San Casciano dei Bagni - Sabato 24 novembre ore 21:00 al Teatro dei Georgofili


con Barbara Mautino


Questa è la storia della vita di Paolina Leopardi, narrata con ironia, ma anche con un’invidiabile forza dalla stessa voce della protagonista, attraverso il carteggio con il fratello Giacomo e con la soprano Marianna Brighenti. Le convenzioni del tempo, i suoi obblighi di famiglia, la condizione di “zitella”, le regole ferree della nobiltà cui apparteneva, il senso del decoro: queste erano le sbarre della gabbia di Paolina. La condizione femminile sembra aver fatto passi da gigante da allora, ma a ben guardare è più viva che mai, oggi che le donne, dopo aver battuto tanto per affermare i propri diritti e il proprio valore, sembrano ancora avere una strada irta e difficoltosa.


Una bizzarra signora aspetta il treno alla stazione. Si vede che ha voglia di chiacchierare, proprio come le persone che hanno passato troppo tempo sole. Paolina visse nella prima metà dell’ 800, quando per un a donna era difficile essere considerata un individuo, al di là del ruolo sociale di figlia, moglie o madre. Nel monologo si cerca proprio di evidenziare questo: costretta a vivere in un posto isolato e poco stimolante come Recanati, con dei genitori (la madre soprattutto) che la controllavano continuamente, Paolina era praticamente una reclusa che poteva viaggiare e “vivere” solo con la forza della sua fantasia, attraverso i libri e gli studi. Tuttavia mantenne la propria mente e la propria volontà estremamente vive. Ad esempio: non accetta di sposare l’uomo che ama ma che la vuole solo per il suo titolo di contessa, con dannandosi così allo zitellaggio perenne e negandosi la via d’uscita da una famiglia opprimente come la sua attraverso il matrimonio; grande divoratrice di libri, si mette a tradurre le cose che le piacciono di più e le inserisce nel giornale che redige col padre, diventando di fatto una giornalista; fa da copista del fratello; mantiene una corrispondenza con la cantante lirica Marianna Brighenti che diventa così sua amica e che riesce ad incontrare solo dopo 40 anni, vivendo attraverso le sue lettere un po’ di quel mondo che non conosce. A 56 anni resta sola, muoiono tutti i suoi cari e lei è libera: prende a viaggiare, si concede vestiti eleganti, è ancora capace di profittare della propria nuova  libertà”.
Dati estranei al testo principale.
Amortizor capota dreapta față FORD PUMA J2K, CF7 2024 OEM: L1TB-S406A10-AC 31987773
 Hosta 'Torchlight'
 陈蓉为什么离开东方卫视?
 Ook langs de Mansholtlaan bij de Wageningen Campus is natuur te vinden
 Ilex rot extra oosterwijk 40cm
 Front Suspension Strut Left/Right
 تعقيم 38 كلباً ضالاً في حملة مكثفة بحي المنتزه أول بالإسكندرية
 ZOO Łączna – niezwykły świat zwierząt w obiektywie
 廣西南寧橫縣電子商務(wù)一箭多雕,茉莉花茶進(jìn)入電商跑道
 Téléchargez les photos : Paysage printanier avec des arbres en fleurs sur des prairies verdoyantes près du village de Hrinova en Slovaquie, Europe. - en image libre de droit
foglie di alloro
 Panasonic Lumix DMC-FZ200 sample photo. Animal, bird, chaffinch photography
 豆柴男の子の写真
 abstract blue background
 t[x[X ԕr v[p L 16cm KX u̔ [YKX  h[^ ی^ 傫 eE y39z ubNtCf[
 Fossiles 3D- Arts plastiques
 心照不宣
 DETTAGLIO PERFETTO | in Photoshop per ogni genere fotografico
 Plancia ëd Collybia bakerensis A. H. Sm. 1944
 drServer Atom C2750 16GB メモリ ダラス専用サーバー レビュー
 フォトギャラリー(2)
Insomma, è la storia di una donna che subisce non per paura o per debolezza ma per senso del dovere verso la famiglia, senza però rinunciare ai suoi sogni. Anzi, li rende realtà alla fine dell’ esistenza. Il nostro proposito è rendere la forza di Paolina, ma anche la sua leggerezza, l’ironia che caratterizzava  la sua scrittura, l’atipicità del suo comportamento rispetto ad altre donne del suo tempo. In una parola, la sua unicità, che ci ha  conquistato ed affascinato e che speriamo  faccia altrettanto con il pubblico che vorrà conoscere da vicino la sua storia.